Ascoltare Wanderlust vuol dire tornare indietro nel tempo. L’ultimo lavoro di Sophie Ellis-Bextor è un inno alla raffinatezza e agli idoli di cui non potremmo mai fare a meno; il buongusto del pop inglese misto all’energia e alla grazia di una Kate Bush dei tempi moderni.
Gli inglesi questo l’hanno capito bene e subito; Wanderlust è stato rilasciato lo scorso 20 gennaio ma ha già regalato grandi soddisfazioni alla cantante, che ha visto piazzare l’album direttamente alla quarta posizione della classifica britannica.
Così Sophie con quest’ultimo lavoro discografico abbandona le piste da ballo per un ritorno alle origini, per ricordarsi forse di un tempo non troppo lontano, quando da giovane vestiva i panni indie-pop a capo di una band chiamata Theaudiance che gattonava verso il britpop.
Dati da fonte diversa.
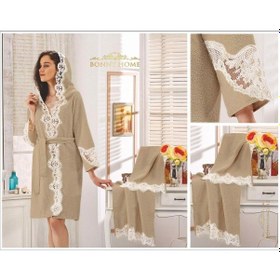 Resim Rose Kapuçino Bayan Fransız Dantelli Balayı Çeyizlik Bornoz Seti 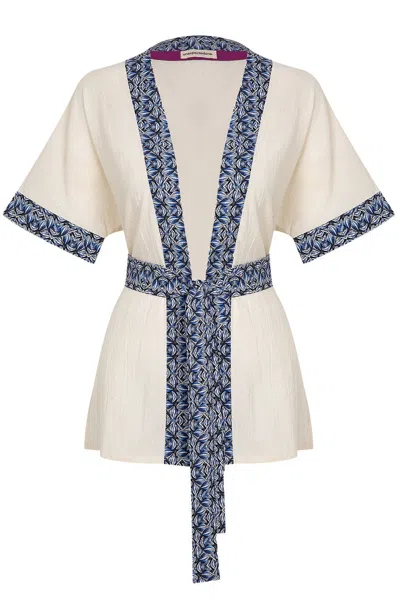 Unexpectedone Neutrals Realistic Kimono - Banded Mystery Kimono - Women's Natural Fabric Kimono In Multi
Le udici tracce di Wanderlust, nate dalla collaborazione con Ed Harcout, ci suonano per questo motivo, completamente nuove ed insolite, pennellate dalla grazia che solo una chitarra decisa e un dolce pianoforte regalano. Niente orpelli questa volta, ma decisamente Sophie, in tutta la sua essenza.
Il sipario si apre con Birth of an Empire, che incide con forza le orme ricercate e magistralmente arrangiante dell’intero album, pronta ad accogliere quel suono nervoso e profondo di Until the Stars Collide. Spensierata e pure un po’ sognante Runaway Daydreamer, proprio come Young Blood, una ballad d’amore e di classe scelta come primo singolo per la promozione di Wanderlust.
Un grammofono in un quartiere di Londra suona Interlude, un brano jazz e decisamente retrò con una delicata performance vocale della cantante. Un piccolo capolavoro Love is Camera dal retrogusto onirico e con un crescendo finale che non può che invitare a ballare, ma questa volta, con un ritmo tutto gitano. Completamente diversa 13 Little Dolls così pop e allegra che pare muoversi su coordinate opposte al suono roboante di Cry to the Beat of the Band, eppure, stranamente, perfettamente in sintonia l’una con l’altra. Finale decisamente acustico, e forse anche un po’ inaspettato, con romantica e malinconica When the Storm Has Blown Over. Il risultato è un album dalla forte coesione che conferma le lodevoli capacità di autrice ed interprete della disco-diva inglese. Tutte le canzoni sono lì, dove vorremmo che fossero.